They want a 9.15 percent increase, but the Swazi Government has offered them zero.
Unions who are set to participate in the march to the Ministry of Public Service are the Swaziland National Association of Teachers (SNAT), Swaziland Nurses Association, National Public Services and Allied Workers Union (NAPSAWU) and the Swaziland National Association of Government Accounting Personnel (SNAGAP).
The decision comes after negotiations between government and unions reached deadlock on Wednesday (13 September 2017).
In January 2017, public servants said they wanted a minimum 70 percent pay increase and they were prepared to take to the streets to achieve it. They have been at loggerheads with the Swazi Government for years over pay and conditions. Many international groups such as the International Monetary Fund (IMF) say Swaziland already devotes too much of its overall public spending to public servant salaries.
In 2016, the Voice of America reported public sector workers in Swaziland had called for increased pay for the past 10 years. The government had often said the global economic downturn had made it difficult to meet these demands.
In 2016, public servants received a 17 percent increase. Members of Parliament got a 32 percent increase in salaries.

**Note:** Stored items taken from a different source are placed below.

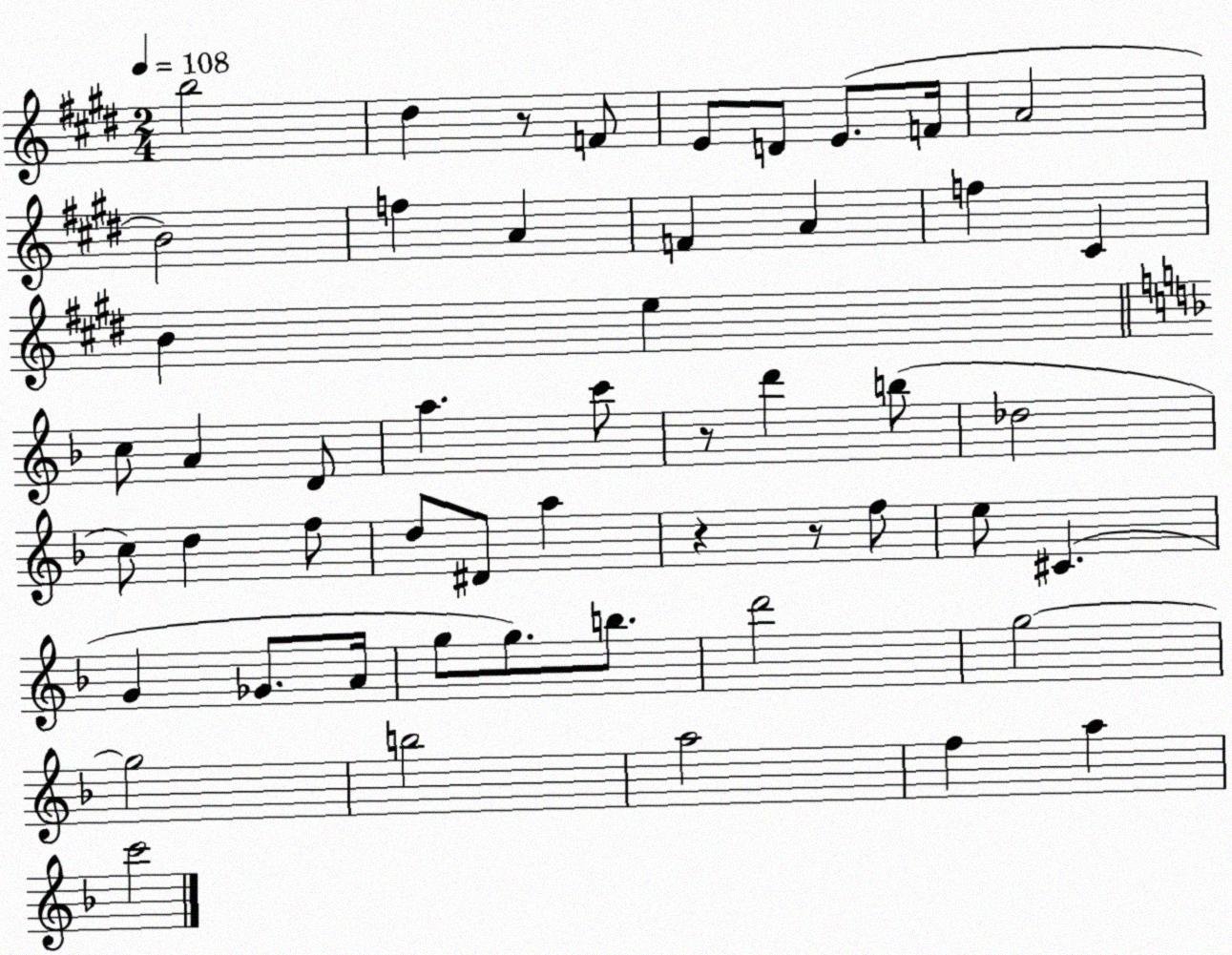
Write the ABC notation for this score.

X:1
T:Untitled
M:2/4
L:1/4
K:E
b2 ^d z/2 F/2 E/2 D/2 E/2 F/4 A2 B2 f A F A f ^C B e c/2 A D/2 a c'/2 z/2 d' b/2 _d2 c/2 d f/2 d/2 ^D/2 a z z/2 f/2 e/2 ^C G _G/2 A/4 g/2 g/2 b/2 d'2 g2 g2 b2 a2 f a c'2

In September 2016, the Times of Swaziland reported that the Swazi Government had been exposed making ‘empty promises’ to the IMF that it would control public spending. The Government, which is hand-picked by King Mswati III, who rules Swaziland as sub-Saharan Africa’s last absolute monarch, had promised only to increase public sector salaries in line with the cost of living. Instead salaries rose 17 percent adding an estimated E300 million (US$22.14 million) to government spending.